Booth Id:
MA047
Category:
Materials Science
Year:
2014
Finalist Names:
Cho, Min Jean
Abstract:
To develop an easy, simple method for identifying microorganisms based on their DNA sequences, Bayes’ theorem was applied to DNA sequence analysis. It was hypothesized that the conditional probability of a DNA sequence from an unknown bacterial species being a member of a particular species could be the posterior probability, which could be estimated from prior probability and likelihood function using Bayes' theorem.

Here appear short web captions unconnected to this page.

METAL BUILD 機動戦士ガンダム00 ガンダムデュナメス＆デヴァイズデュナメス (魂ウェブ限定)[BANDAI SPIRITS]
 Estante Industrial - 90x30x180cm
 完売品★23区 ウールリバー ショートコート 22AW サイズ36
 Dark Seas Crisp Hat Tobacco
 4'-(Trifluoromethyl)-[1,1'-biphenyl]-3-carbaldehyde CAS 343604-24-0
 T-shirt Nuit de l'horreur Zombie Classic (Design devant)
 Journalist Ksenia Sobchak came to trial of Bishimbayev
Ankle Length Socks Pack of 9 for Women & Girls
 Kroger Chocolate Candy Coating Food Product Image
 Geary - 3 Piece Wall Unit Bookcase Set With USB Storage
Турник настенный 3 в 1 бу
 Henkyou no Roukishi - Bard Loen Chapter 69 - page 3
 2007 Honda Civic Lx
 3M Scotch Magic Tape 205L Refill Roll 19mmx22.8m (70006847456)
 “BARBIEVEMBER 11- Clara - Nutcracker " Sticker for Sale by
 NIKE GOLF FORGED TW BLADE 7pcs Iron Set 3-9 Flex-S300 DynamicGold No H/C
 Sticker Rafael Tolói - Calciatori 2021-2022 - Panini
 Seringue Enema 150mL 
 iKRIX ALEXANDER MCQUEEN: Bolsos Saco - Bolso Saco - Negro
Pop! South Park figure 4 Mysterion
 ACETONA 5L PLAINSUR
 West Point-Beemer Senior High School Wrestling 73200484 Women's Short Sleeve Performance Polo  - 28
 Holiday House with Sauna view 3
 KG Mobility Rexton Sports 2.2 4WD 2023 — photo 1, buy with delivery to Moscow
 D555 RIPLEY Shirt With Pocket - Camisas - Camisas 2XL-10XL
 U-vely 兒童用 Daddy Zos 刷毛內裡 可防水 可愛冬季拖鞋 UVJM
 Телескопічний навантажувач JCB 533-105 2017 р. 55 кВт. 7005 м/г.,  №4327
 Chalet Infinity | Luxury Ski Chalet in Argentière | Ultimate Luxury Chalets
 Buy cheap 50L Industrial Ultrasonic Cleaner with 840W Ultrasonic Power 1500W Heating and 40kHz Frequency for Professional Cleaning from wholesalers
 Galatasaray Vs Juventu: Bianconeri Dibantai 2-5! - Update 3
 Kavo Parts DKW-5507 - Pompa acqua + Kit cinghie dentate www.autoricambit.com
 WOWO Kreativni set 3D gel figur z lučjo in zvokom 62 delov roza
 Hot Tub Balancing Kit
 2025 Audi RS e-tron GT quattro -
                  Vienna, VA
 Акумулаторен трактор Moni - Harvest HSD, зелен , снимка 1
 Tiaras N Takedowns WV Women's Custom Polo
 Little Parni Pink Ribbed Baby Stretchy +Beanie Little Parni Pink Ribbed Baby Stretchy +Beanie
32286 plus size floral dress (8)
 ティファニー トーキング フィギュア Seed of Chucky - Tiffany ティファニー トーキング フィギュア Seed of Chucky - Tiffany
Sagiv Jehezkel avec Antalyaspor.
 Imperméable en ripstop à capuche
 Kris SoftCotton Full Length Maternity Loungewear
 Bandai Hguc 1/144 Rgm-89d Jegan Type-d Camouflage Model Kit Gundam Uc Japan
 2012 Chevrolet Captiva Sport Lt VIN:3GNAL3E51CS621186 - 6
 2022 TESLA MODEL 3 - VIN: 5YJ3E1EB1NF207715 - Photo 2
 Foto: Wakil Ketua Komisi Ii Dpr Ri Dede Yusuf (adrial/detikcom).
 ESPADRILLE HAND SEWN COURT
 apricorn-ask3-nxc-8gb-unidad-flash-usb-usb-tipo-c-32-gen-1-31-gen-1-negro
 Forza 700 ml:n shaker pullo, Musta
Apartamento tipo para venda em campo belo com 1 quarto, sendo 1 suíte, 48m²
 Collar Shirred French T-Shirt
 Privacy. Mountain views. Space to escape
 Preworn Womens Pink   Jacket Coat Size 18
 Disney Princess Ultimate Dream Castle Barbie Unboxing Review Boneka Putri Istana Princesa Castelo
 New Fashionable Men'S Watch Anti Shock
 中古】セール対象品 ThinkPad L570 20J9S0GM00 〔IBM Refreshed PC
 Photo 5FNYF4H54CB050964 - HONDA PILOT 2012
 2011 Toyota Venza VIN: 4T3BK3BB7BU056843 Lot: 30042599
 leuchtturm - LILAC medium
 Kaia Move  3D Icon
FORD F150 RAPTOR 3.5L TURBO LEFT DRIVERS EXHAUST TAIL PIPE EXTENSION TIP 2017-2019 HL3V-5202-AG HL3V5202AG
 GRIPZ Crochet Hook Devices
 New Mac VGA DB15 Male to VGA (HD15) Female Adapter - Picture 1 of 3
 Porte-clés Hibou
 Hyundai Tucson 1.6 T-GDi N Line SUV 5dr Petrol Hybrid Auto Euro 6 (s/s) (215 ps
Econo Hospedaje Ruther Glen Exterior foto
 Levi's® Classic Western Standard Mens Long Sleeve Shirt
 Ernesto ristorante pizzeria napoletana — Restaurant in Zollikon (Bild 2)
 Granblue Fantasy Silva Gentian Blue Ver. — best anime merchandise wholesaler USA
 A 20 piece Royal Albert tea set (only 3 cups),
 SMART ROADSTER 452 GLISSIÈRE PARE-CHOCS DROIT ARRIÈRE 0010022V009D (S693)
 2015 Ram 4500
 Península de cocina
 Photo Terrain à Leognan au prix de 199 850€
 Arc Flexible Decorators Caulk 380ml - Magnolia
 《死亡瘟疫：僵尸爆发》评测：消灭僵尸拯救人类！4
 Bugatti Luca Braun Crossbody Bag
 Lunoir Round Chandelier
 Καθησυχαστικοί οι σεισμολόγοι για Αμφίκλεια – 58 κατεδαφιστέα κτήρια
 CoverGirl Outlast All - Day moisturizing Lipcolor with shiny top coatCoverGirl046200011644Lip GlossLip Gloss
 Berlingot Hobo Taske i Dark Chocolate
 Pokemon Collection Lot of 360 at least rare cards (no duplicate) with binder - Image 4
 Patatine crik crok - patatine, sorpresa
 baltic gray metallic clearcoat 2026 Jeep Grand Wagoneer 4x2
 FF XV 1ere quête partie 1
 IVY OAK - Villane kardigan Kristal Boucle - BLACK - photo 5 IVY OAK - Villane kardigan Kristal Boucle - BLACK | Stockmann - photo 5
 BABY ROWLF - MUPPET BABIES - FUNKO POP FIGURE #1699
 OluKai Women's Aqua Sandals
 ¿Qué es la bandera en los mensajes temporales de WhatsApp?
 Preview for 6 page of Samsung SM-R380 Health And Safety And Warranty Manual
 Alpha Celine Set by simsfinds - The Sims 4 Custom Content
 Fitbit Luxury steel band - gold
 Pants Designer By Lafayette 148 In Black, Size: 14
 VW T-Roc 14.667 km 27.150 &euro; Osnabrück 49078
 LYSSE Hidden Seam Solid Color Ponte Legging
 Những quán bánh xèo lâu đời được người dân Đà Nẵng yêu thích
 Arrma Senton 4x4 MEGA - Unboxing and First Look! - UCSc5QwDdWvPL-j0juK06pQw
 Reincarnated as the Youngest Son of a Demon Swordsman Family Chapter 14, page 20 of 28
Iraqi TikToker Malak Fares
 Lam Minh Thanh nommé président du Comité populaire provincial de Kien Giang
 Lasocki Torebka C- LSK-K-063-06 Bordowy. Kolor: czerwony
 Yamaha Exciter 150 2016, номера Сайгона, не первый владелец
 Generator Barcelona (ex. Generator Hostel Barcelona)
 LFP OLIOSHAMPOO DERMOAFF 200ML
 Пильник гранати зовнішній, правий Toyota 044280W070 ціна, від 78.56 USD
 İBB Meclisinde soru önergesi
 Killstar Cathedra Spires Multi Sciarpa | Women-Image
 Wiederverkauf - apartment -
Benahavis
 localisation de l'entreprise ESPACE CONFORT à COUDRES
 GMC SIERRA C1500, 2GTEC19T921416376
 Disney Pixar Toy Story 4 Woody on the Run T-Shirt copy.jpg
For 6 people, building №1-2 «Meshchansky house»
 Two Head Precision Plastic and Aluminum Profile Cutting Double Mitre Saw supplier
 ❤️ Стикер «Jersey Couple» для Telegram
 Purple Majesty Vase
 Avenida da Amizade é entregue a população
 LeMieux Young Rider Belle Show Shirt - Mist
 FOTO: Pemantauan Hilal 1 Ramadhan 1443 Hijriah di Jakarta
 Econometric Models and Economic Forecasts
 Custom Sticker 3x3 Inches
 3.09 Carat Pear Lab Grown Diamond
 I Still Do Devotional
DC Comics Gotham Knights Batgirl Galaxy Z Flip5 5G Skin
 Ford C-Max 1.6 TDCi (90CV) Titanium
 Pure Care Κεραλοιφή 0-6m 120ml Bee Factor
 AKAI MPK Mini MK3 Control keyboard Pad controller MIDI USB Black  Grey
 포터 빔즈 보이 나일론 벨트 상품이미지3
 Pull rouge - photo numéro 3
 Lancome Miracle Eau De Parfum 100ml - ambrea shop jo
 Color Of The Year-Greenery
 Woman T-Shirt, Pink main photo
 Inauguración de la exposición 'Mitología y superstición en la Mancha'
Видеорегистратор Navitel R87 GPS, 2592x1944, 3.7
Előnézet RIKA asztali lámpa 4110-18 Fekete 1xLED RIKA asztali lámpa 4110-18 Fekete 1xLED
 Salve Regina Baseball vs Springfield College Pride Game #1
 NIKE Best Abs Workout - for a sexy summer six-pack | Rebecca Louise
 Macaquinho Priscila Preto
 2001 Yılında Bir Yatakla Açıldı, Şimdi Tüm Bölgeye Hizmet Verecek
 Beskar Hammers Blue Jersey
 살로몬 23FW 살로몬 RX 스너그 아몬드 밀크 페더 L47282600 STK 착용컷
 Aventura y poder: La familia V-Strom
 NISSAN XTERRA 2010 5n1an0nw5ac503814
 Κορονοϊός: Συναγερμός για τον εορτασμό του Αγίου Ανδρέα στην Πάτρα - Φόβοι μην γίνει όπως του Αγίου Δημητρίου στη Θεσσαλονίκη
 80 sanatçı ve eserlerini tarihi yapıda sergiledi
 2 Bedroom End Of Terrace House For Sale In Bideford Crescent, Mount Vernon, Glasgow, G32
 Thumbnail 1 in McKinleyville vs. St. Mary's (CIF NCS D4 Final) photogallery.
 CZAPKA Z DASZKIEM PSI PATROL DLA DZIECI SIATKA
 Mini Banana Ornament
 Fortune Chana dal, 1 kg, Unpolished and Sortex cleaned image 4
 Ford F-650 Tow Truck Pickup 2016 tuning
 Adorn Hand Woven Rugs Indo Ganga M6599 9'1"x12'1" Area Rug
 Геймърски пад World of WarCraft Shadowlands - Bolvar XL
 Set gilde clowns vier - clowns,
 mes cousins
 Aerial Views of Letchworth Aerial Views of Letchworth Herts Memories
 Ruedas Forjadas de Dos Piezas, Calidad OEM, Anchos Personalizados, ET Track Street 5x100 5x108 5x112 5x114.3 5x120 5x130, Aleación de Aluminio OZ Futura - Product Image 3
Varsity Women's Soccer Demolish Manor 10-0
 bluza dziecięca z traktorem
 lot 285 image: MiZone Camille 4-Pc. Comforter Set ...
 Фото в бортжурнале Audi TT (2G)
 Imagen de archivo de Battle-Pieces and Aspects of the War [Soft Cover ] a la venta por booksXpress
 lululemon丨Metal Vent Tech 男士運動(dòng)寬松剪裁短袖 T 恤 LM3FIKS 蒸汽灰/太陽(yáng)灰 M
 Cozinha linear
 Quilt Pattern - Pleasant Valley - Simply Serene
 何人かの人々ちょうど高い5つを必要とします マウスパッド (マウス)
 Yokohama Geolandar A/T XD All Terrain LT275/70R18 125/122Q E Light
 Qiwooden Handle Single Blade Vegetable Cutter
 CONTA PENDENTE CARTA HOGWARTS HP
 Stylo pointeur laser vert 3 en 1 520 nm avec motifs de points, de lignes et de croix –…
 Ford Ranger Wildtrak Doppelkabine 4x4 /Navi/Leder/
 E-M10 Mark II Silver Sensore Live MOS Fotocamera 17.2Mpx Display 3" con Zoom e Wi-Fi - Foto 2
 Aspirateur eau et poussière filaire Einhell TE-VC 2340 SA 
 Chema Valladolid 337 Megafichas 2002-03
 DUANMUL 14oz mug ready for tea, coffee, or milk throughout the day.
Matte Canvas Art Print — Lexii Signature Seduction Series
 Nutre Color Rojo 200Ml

To test the hypothesis, 16S rRNA gene sequences of foodborne pathogens (eight bacterial species) were downloaded from NIH's GenBank (45 sequences from each bacterial species, 360 sequences in total) to construct a database. Bayes' theorem was used to estimate the posterior probability of a bacterial specie "Si" given an unknown sequence "Q", P(Si|Q) = P(Q|Si)×P(Si)/P(Q). To determine the likelihood, P(Q|Si), the DNA sequence "Q" was divided into words (k-size DNA sequence fragments), and P(Q|Si) was measured from the average probability of observing the word j from species Si, P(wj|Si). The prior probability, P(Si), and P(Q) were calculated from the database sequences. The size of word (k) affected values of P(Q|Si) and P(Q). The optimum size of word (k) was determined to be 39 nucleotides. The overall performance of the developed method was evaluated by simulation tests using selected DNA sequences, and all tested sequences were correctly identified (accuracy, 100%). The developed method was considered to be especially useful to determine the taxonomy of bacteria. It may also be applied to human DNA sequences for forensic analysis.